There are two separate jobs, and people conflate them:
- Database backups — logical/physical backups of Postgres/MySQL with point-in-time recovery. (The RDS part.)
- Volume / block images — a frozen image of an entire disk you can roll back or clone. (The EBS part.)
You want both. They use different tools.
Part 1 — RDS-style database backups with point-in-time recovery
Postgres: pgBackRest (the direct RDS replacement)
pgBackRest is the gold standard. It does full + differential + incremental backups, archives WAL for point-in-time recovery, pushes straight to S3-compatible object storage, encrypts client-side, runs in parallel, and has retention/expiry built in:
# /etc/pgbackrest/pgbackrest.conf (illustrative — verify against the docs)
[global]
repo1-type=s3
repo1-s3-bucket=db-backups
repo1-s3-endpoint=<r2-or-b2-or-hetzner-endpoint>
repo1-s3-region=auto
repo1-path=/pg
repo1-cipher-type=aes-256-cbc # client-side encryption
repo1-retention-full=4 # keep 4 full backups, expire older
repo1-retention-diff=12
[main]
pg1-path=/var/lib/postgresql/16/main
Schedule with a systemd timer (or cron):
# nightly full on Sunday, incremental the other days
pgbackrest --stanza=main --type=full backup # Sun
pgbackrest --stanza=main --type=incr backup # Mon–Sat
Restore to a point in time is one command:
pgbackrest --stanza=main --type=time \
--target="2026-06-15 14:30:00" restore
That’s RDS’s headline feature — nightly backups + PITR — on storage you control. Lighter alternatives:
pg_dump (logical, no PITR — fine for small DBs), Barman (another full PITR manager), or WAL-G
(popular, S3-native, also does MySQL/MongoDB).
MySQL / MariaDB
Same shape, different tool: mariabackup / Percona XtraBackup (physical, hot, supports incremental +
binlog for PITR) or mydumper (fast parallel logical dump).
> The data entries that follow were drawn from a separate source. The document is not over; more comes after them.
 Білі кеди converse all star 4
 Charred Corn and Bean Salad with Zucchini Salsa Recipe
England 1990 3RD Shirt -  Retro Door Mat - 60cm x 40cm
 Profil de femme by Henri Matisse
Pipe the output to object storage on a timer.
Where the backups go
Any S3-compatible bucket — and this is where the cloud-exit math shows up again:
| Backup target | Storage | Restore egress | Notes |
|---|---|---|---|
| Cloudflare R2 | ~$15/TB-mo | $0 | Zero egress = free disaster recovery |
| Backblaze B2 | ~$6/TB-mo | free up to 3× stored | Cheapest storage |
| Hetzner Object Storage | low, included-ish transfer | cheap | Same vendor as the box — keep one copy elsewhere |
| OVH Object Storage | low | cheap | Ditto |
| MinIO / SeaweedFS (self-host) | your disk | free (LAN) | Good as the first local copy |
| AWS S3 (for comparison) | ~$23/TB-mo | metered ($0.09/GB) | Restoring a 1 TB DB = ~$90 just in egress |
The quiet win: on AWS, restoring a large backup is metered egress and cross-AZ — you pay to get your own data back in a disaster. On R2/B2/Hetzner that restore is free or near-free. Your DR drill stops being a line item.
Part 2 — EBS-snapshot-style volume images (this is where filesystem choice matters)
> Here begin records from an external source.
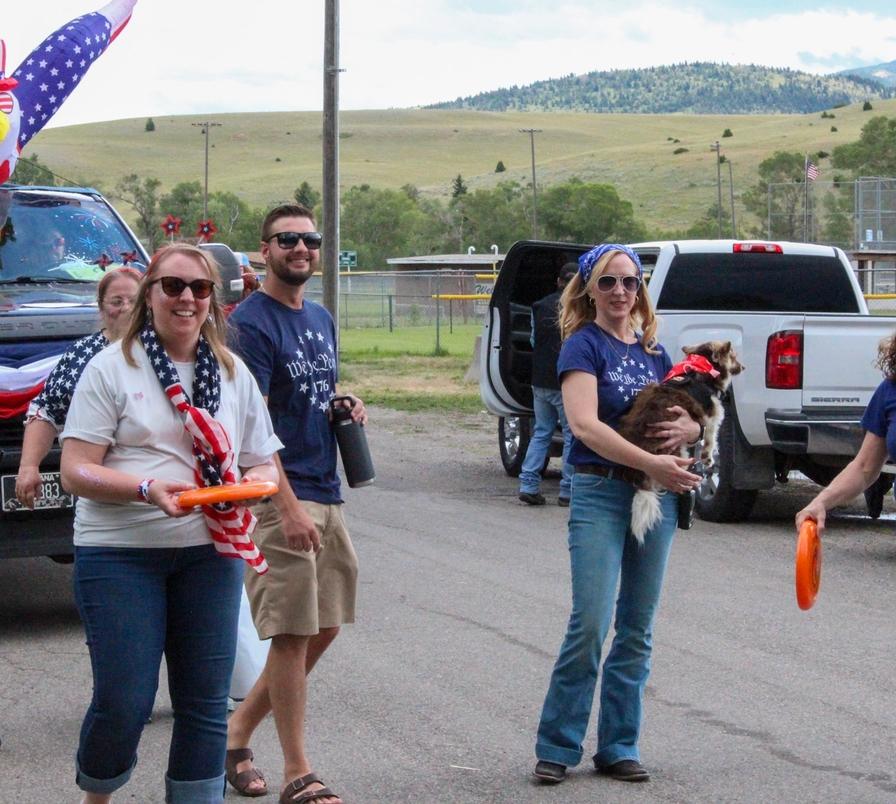 Our frisbee corn hole provided endless entertainment while waiting to start.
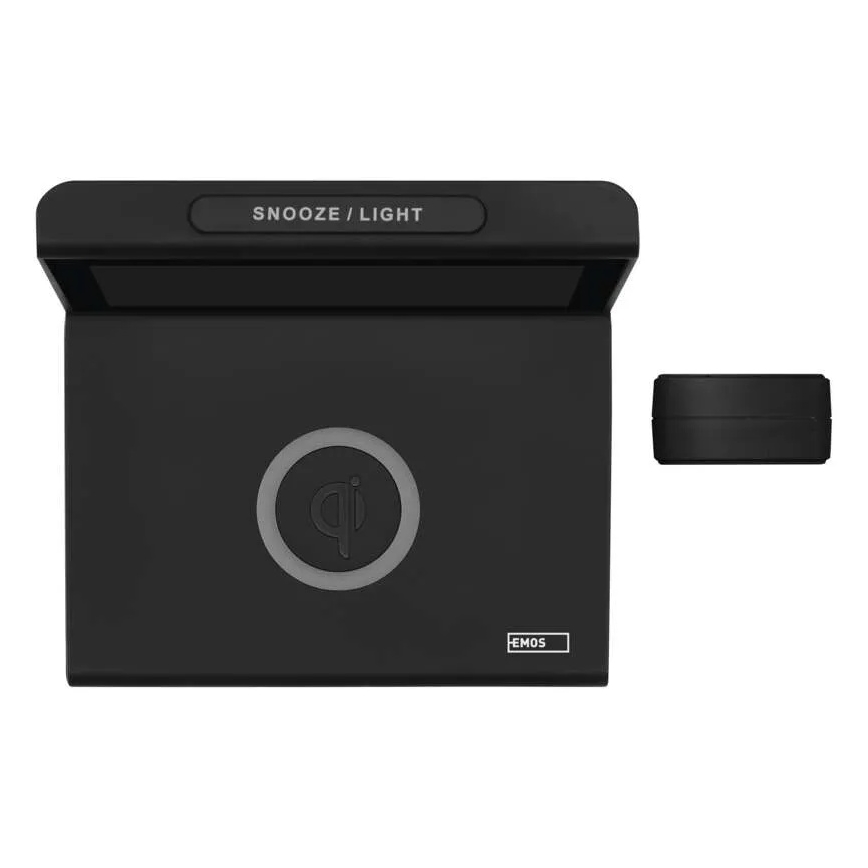 Estação meteorológica com carregamento sem fios 5V 2xAA + 2xAAA preta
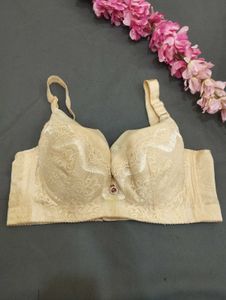 Elegant Beige Comfort Bra✨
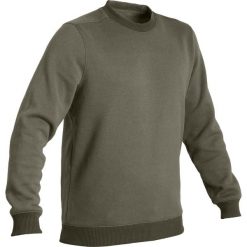 Sweter outdoor Solognac 100. Brązowe swetry męskie SOLOGNAC, l, bez wzorów, z elastanu, bez kołnierzyka. W wyprzedaży za 39.99 zł.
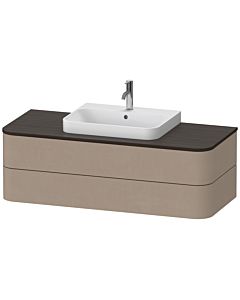 Duravit Happy D.2 Plus vanity unit HP497207575 130x55cm, 2 drawers, for Aufsatzbecken , linen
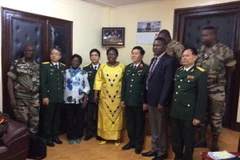 Đoàn Bộ Quốc phòng làm việc tại Phái bộ LHQ ở Trung Phi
A database backup protects the database. A volume snapshot protects the whole disk — config, the OS, an app’s data dir — and lets you roll back or clone in seconds. On AWS that’s EBS snapshots; on your own box it’s a copy-on-write filesystem, and yes — ZFS is the smart choice.
ZFS + sanoid + syncoid (the real EBS-snapshot analog)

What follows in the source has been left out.